*** Block opens ***

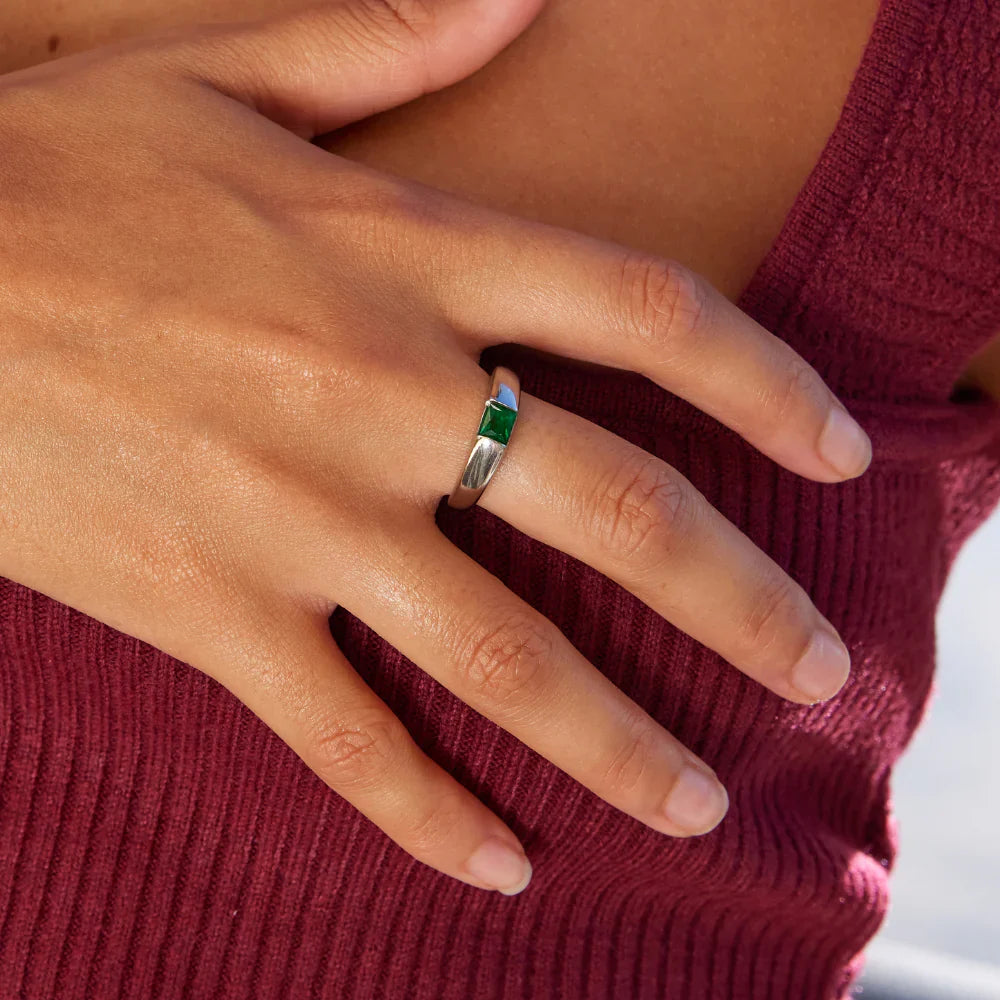 Vioraia Ember Silver & Emerald Ring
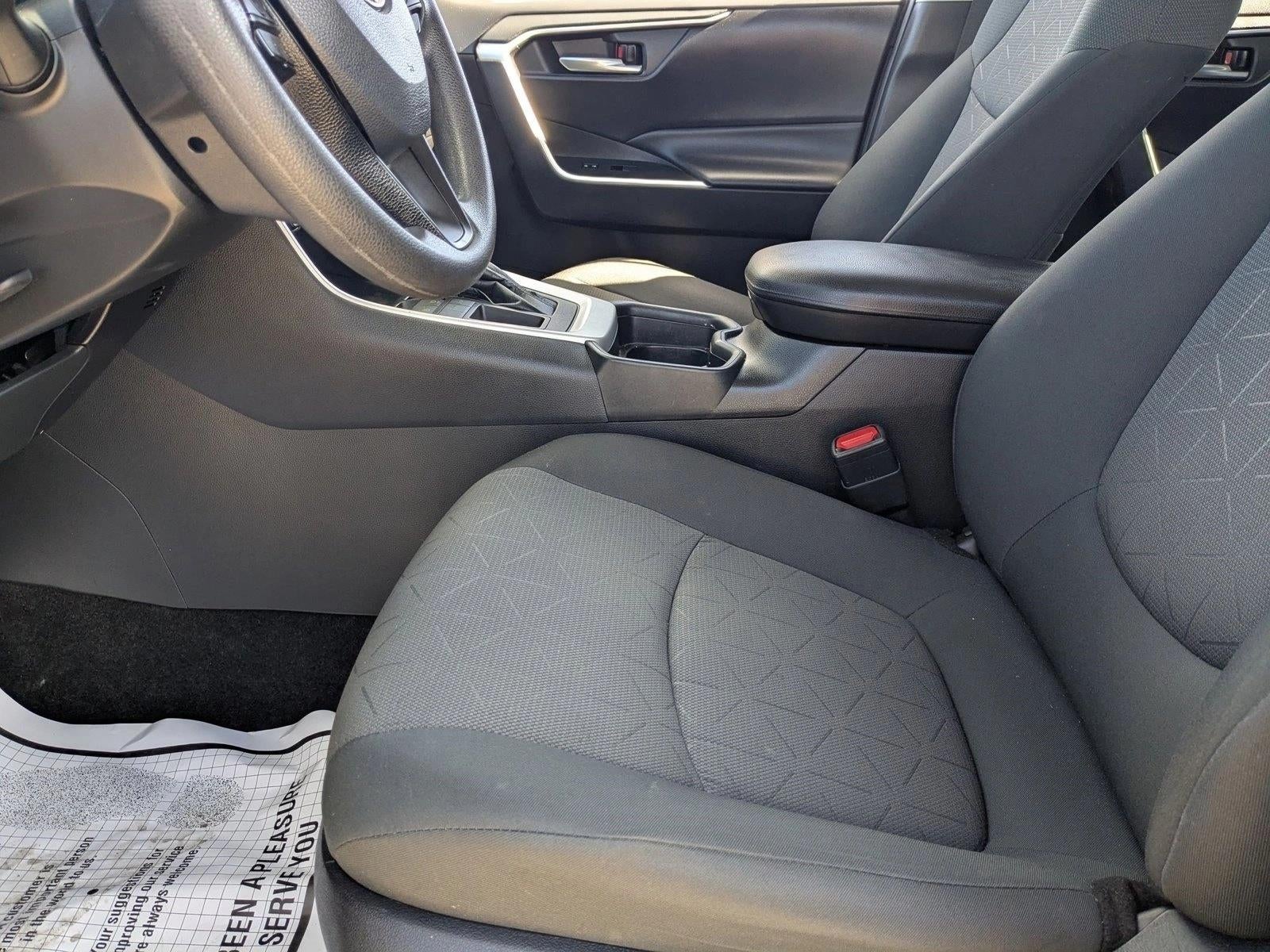 2021 Toyota RAV4 XLE FWD (GS)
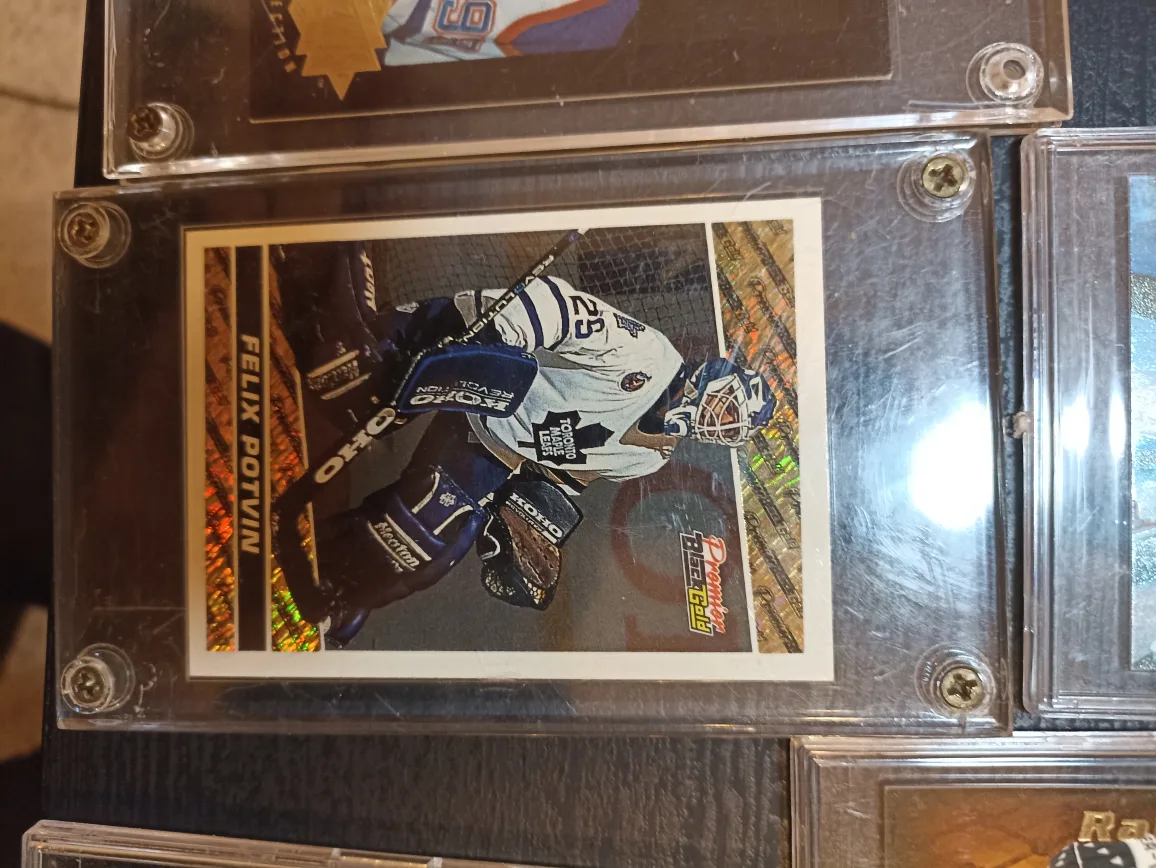 Hockey Trading Cards - Assorted Players image indicator(9)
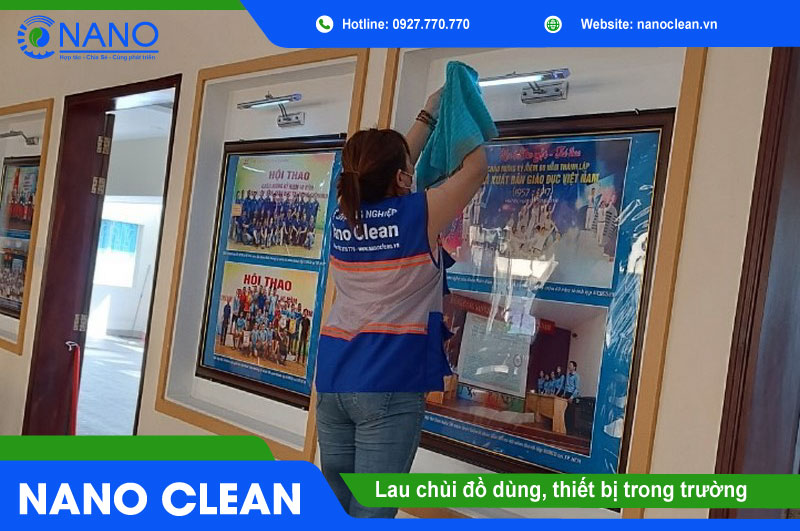 Lau chùi đồ dùng, thiết bị trong trường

*** Block closes ***

* Brief
All the material above must be copied exactly, and no picture belongs in the copy.

* Solution for this exercise
 Vioraia Ember Silver & Emerald Ring
 2021 Toyota RAV4 XLE FWD (GS)
 Hockey Trading Cards - Assorted Players image indicator(9)
 Lau chùi đồ dùng, thiết bị trong trường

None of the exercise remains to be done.